Friday, 19 June 2009

Off to Yorkshire

As the title says, I'm off to Yorkshire this morning. We have hired a cottage near Haworth for a week, so when I get back I will no doubt have many real-ale experiences to relate.
Last time I was in that part of the world, I found some excellent pubs and some great beer.
The more it rains, the better reason to sit in the pub!

Wednesday, 17 June 2009

Asda come home


There are many reasons why pubs fail. It's a very complex issue - it's not just down to the "credit crunch", or cheap supermarket boose, or poor management or even the greed of the big brewers.

One of the main factors in pub viability is (as quoted in the housing market) "location, location, location".
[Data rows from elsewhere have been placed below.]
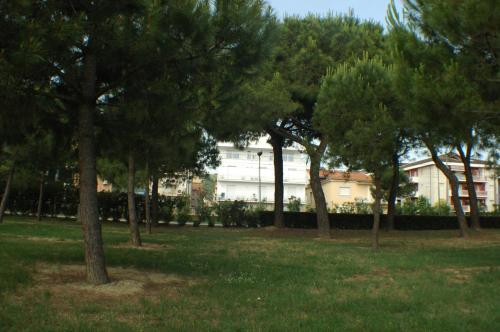 a group of trees in a park with a building at Hotel Miramare in Pineto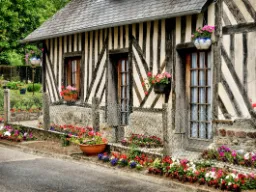 W Calvados W Calvados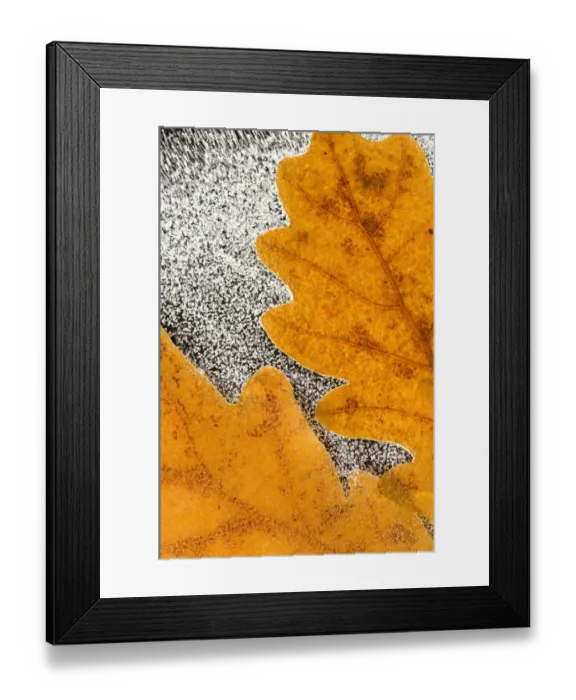 Framed Print : English / Pedunculate oak (Quercus robur) leaves encased in ice (studio) Inversnaid Framed Print : English / Pedunculate oak (Quercus robur) leaves encased in ice (studio) Inversnaid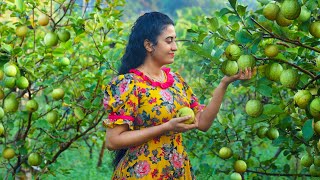 Guava Delights Sri Lankan Recipes 🍐 Making Cordial Cotton Candy Creamy Cake and More Treats [upl. by Verity]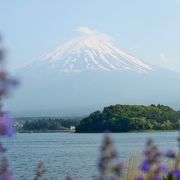 河口湖で富士山が美しく見える場所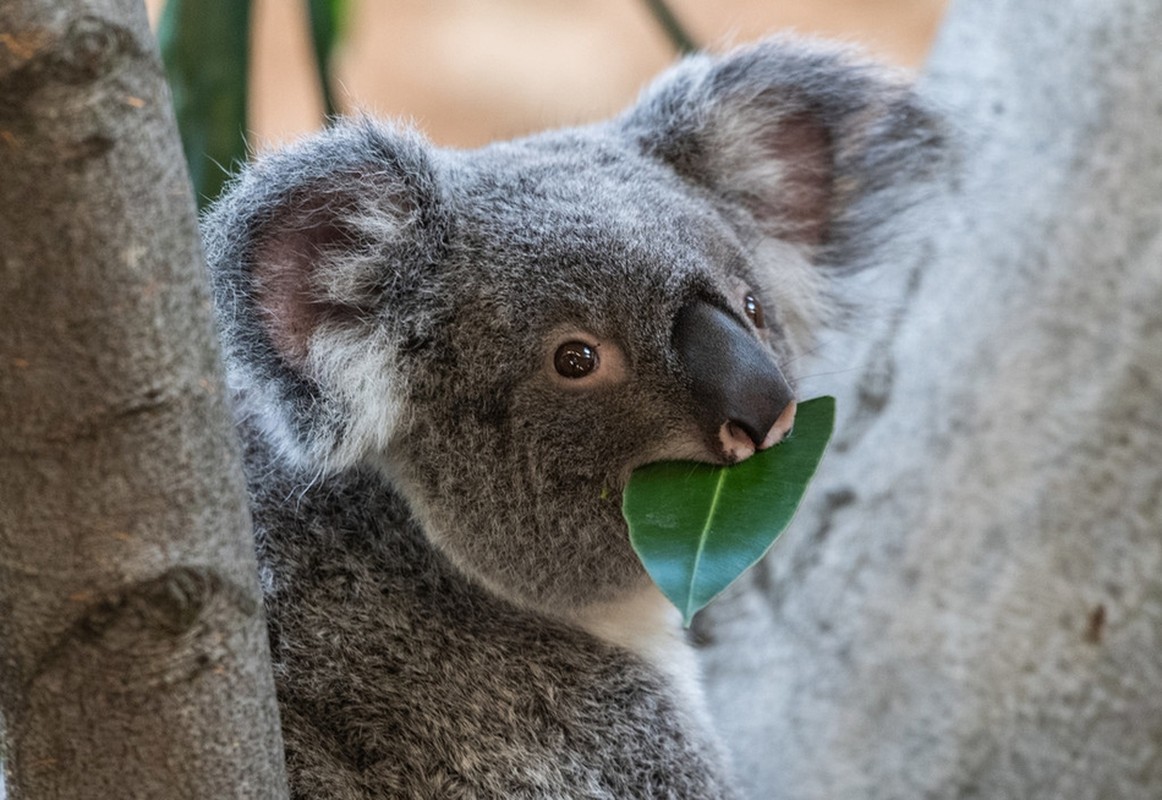 La lung gau koala chi ngoi khong, an la cung “don tim” khach-Hinh-5
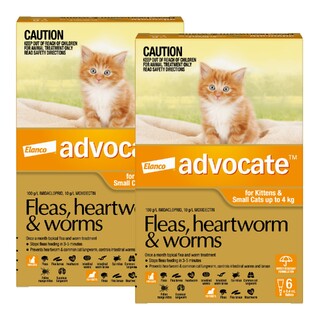 Advocate for Kittens and Small Cats Up to 4kg (Orange) - Fleas, Heartworm & Worms - 12 Pack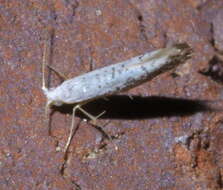 Image of Speckled Argyresthia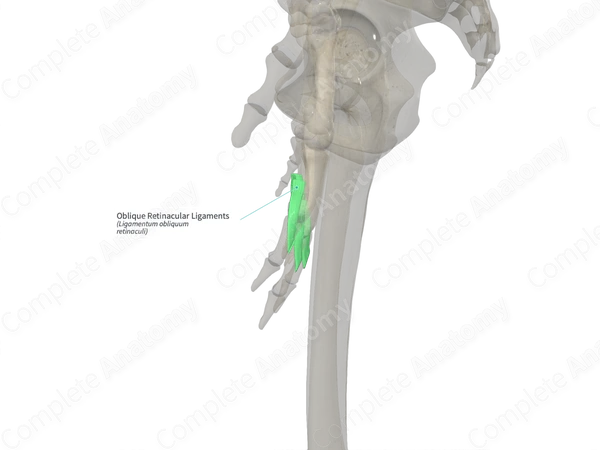 Oblique Retinacular Ligaments (Left)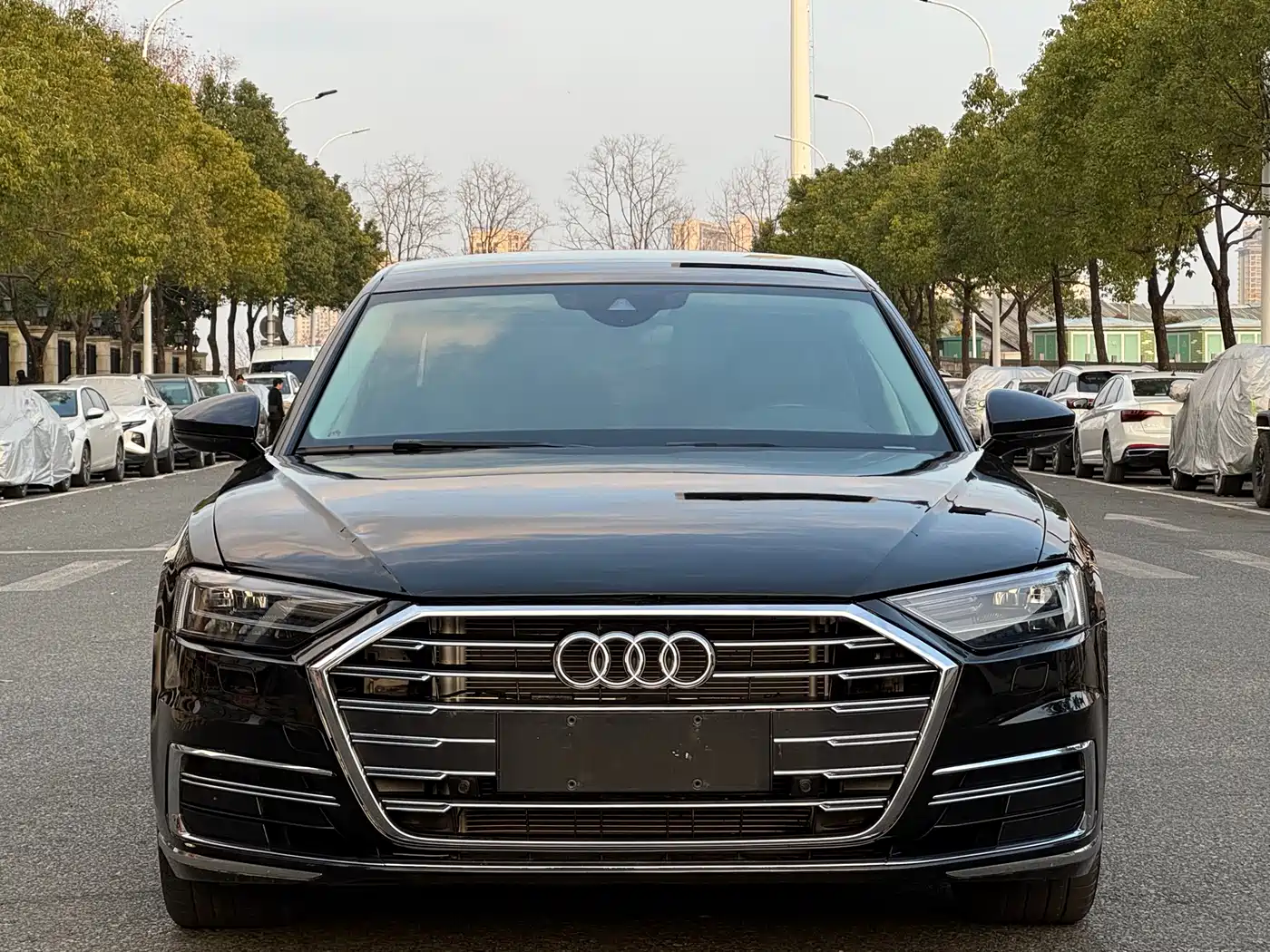 Audi A8 2022 A8L 50 TFSI quattro Comfort Collector's Edition фото 2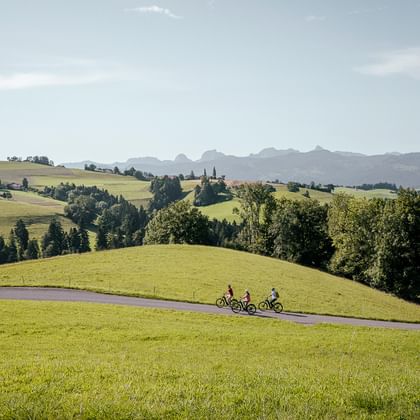 Three cyclists on e-bikes riding along a paved road through rolling green hills in the Bernese Oberland with mountains in the background.
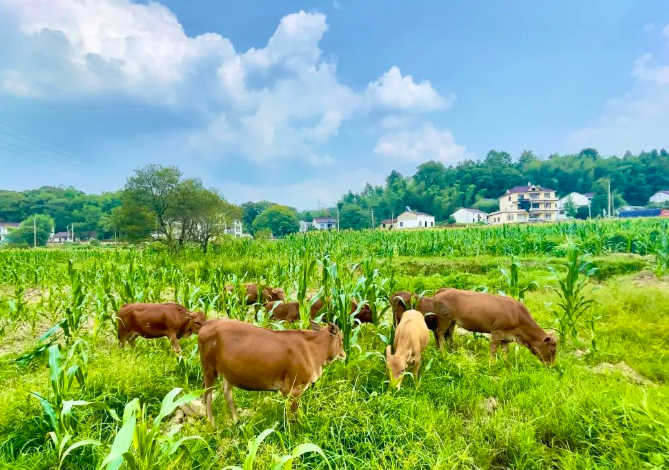 爱死了这人间烟火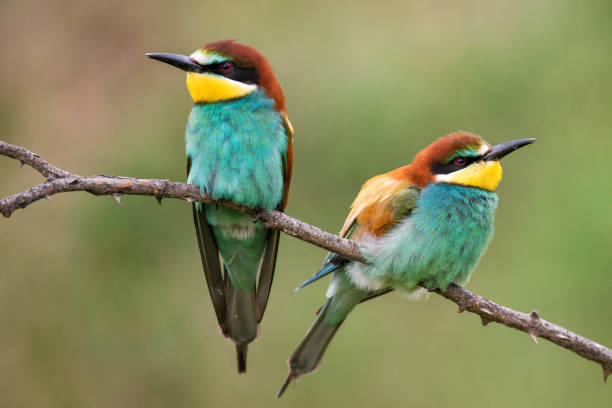 istock Two bee-eaters (Merops apiaster) sitting on a branch 962978446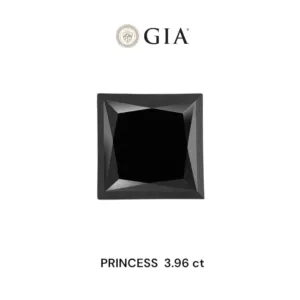 3.96 Carat Princess Black Natural Diamond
Since Asda moved it's supermarket across to another quarter of our town (South Shields) there has been a noticeable fall-off in custom at The Wouldhave, which for years has enjoyed a site adjacent to the old Asda store, which is now closed and deserted. The whole axis of the town has changed and shoppers no longer pass the pub on their way to the supermarket.

Yesterday, I was in The Wouldhave at lunch time and I counted only fourteen customers besides myself and my wife. There used to be many more than twice that number.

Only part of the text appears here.